_YOUR INSTRUCTIONS:_
Write out each record below exactly, without pictures.

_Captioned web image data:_
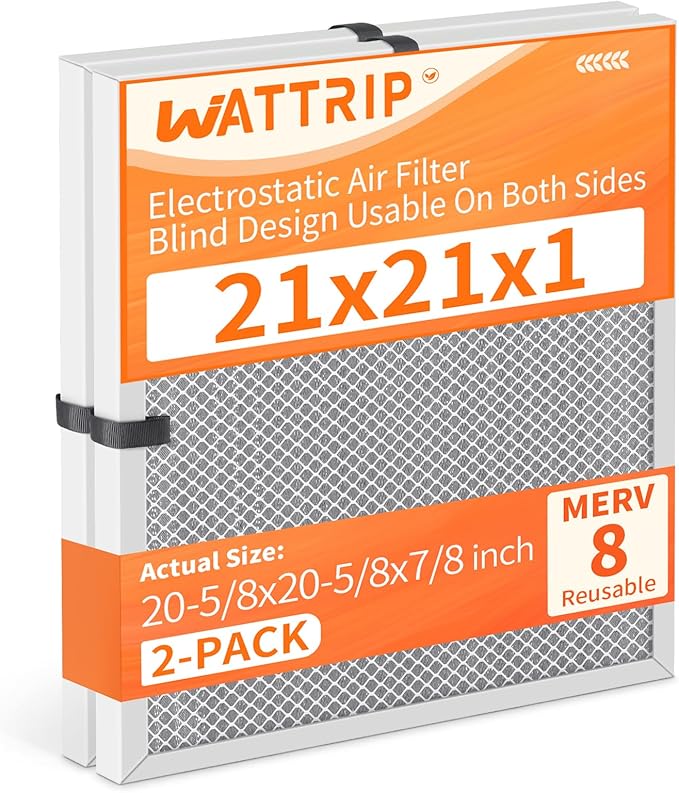 2-Pack 21x21x1 MERV 8 Reusable & Washable Electrostatic Air Filters - Long-Lasting Filter for HVAC, Furnace & Air Conditioner Units, Actual Size: 20-5/8” x 20-5/8” x 7/8”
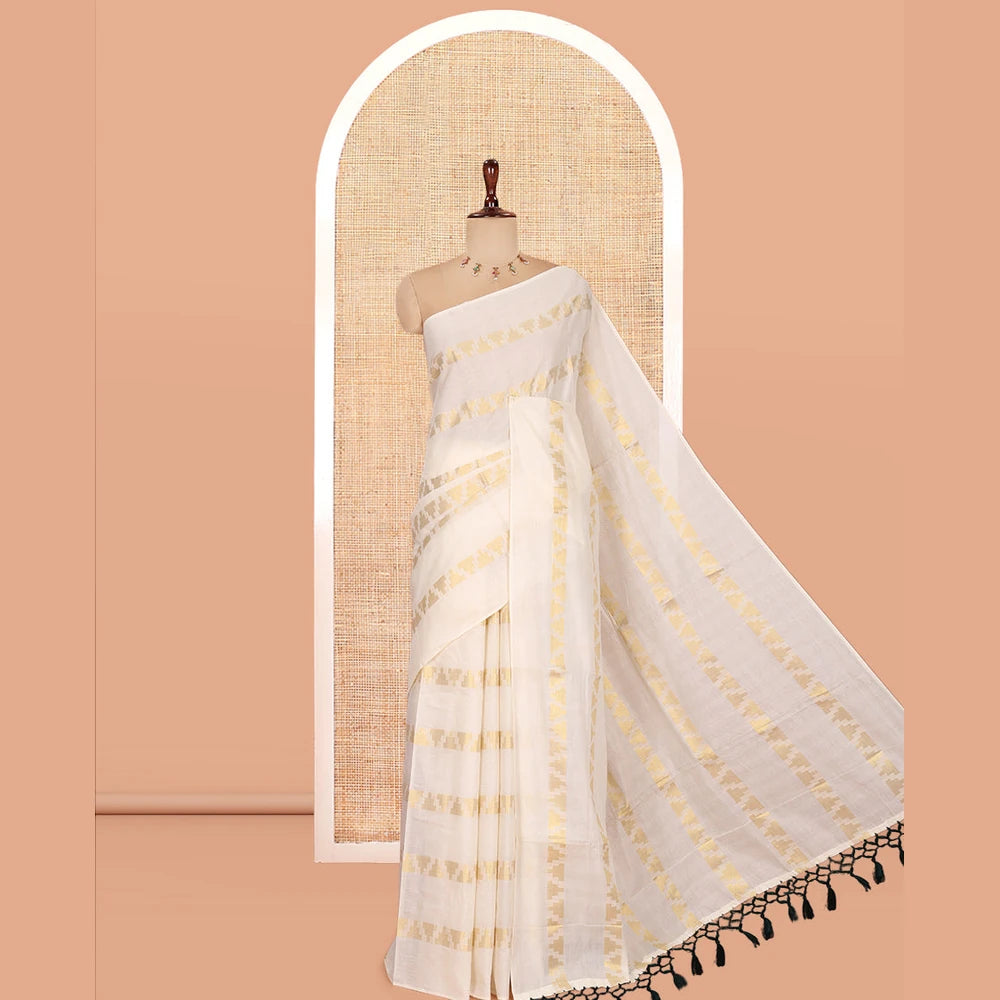 Pothys Borderless Cream Kerala Cotton Saree, Steeped with Temple Buttas, and a Matching Blouse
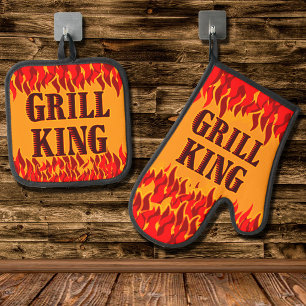 Grill King Red Flames Cookout BBQ Saying Oven Mitt & Pot Holder Set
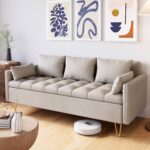 Faux Leather 3-Seater Sofa Couch, 44" Sofas with Hand Stitched Comfortable Cushion, Gold Metal Legs and Lift-Up Storage, Button Tufted Design Couches for Living Room, Apartment, Beige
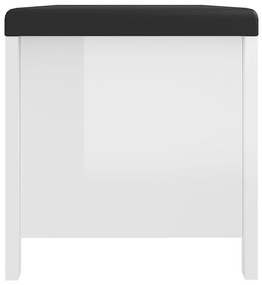 VidaXL Κουτί Αποθήκευσης Γυαλ. Λευκό 105x40x45εκ. Μοριοσαν. & Μαξιλάρι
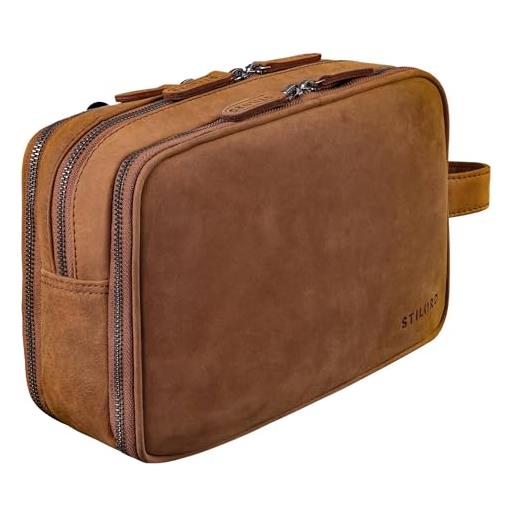 Walter Ossedio Beauty Case Uomo In Pelle - Trousse Da Viaggio Con Fodera Impermeabile, 15x25x11cm - 5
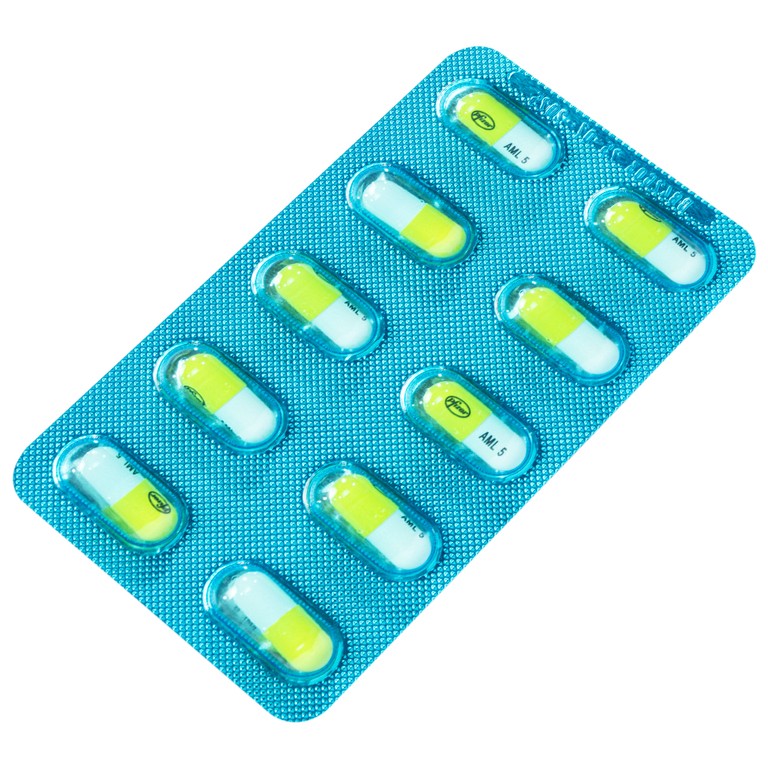 Thuốc Amlor 5mg Viatris điều trị tăng huyết áp, đau thắt ngực (3 vỉ x 10 viên)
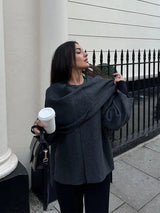 Emmeline – Women’s Asymmetrical Wool Poncho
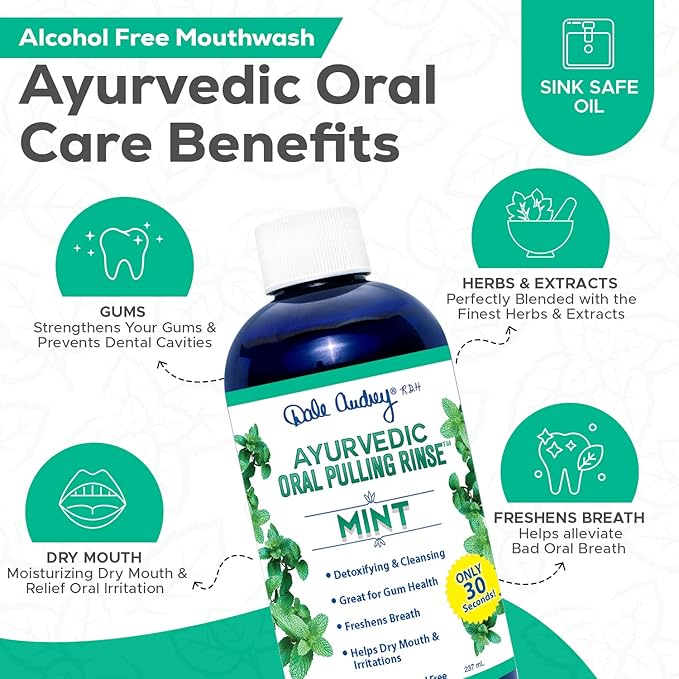 Ayurvedic Organic Mint Sesame Oil Pulling & Remineralizing Tooth Powder | Mint Flavored Organic Oral Rinse Mouthwash | Tooth Powder for Instant Teeth Whitening, Free Bundle Pack-8 FL Oz (Bottle)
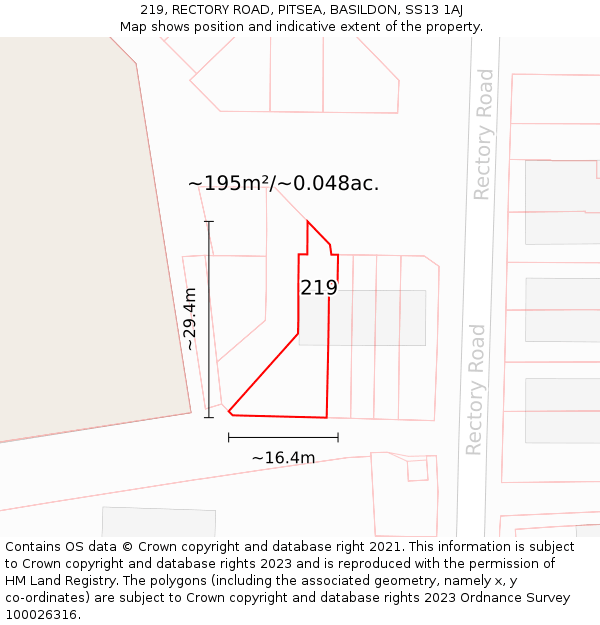 219, RECTORY ROAD, PITSEA, BASILDON, SS13 1AJ: Plot and title map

_ANSWER TO THIS EXERCISE:_
 2-Pack 21x21x1 MERV 8 Reusable & Washable Electrostatic Air Filters - Long-Lasting Filter for HVAC, Furnace & Air Conditioner Units, Actual Size: 20-5/8” x 20-5/8” x 7/8”
 Pothys Borderless Cream Kerala Cotton Saree, Steeped with Temple Buttas, and a Matching Blouse
 Grill King Red Flames Cookout BBQ Saying Oven Mitt & Pot Holder Set
 Faux Leather 3-Seater Sofa Couch, 44" Sofas with Hand Stitched Comfortable Cushion, Gold Metal Legs and Lift-Up Storage, Button Tufted Design Couches for Living Room, Apartment, Beige
 VidaXL Κουτί Αποθήκευσης Γυαλ. Λευκό 105x40x45εκ. Μοριοσαν. & Μαξιλάρι
 Walter Ossedio Beauty Case Uomo In Pelle - Trousse Da Viaggio Con Fodera Impermeabile, 15x25x11cm - 5
 Thuốc Amlor 5mg Viatris điều trị tăng huyết áp, đau thắt ngực (3 vỉ x 10 viên)
 Emmeline – Women’s Asymmetrical Wool Poncho
 Ayurvedic Organic Mint Sesame Oil Pulling & Remineralizing Tooth Powder | Mint Flavored Organic Oral Rinse Mouthwash | Tooth Powder for Instant Teeth Whitening, Free Bundle Pack-8 FL Oz (Bottle)
 219, RECTORY ROAD, PITSEA, BASILDON, SS13 1AJ: Plot and title map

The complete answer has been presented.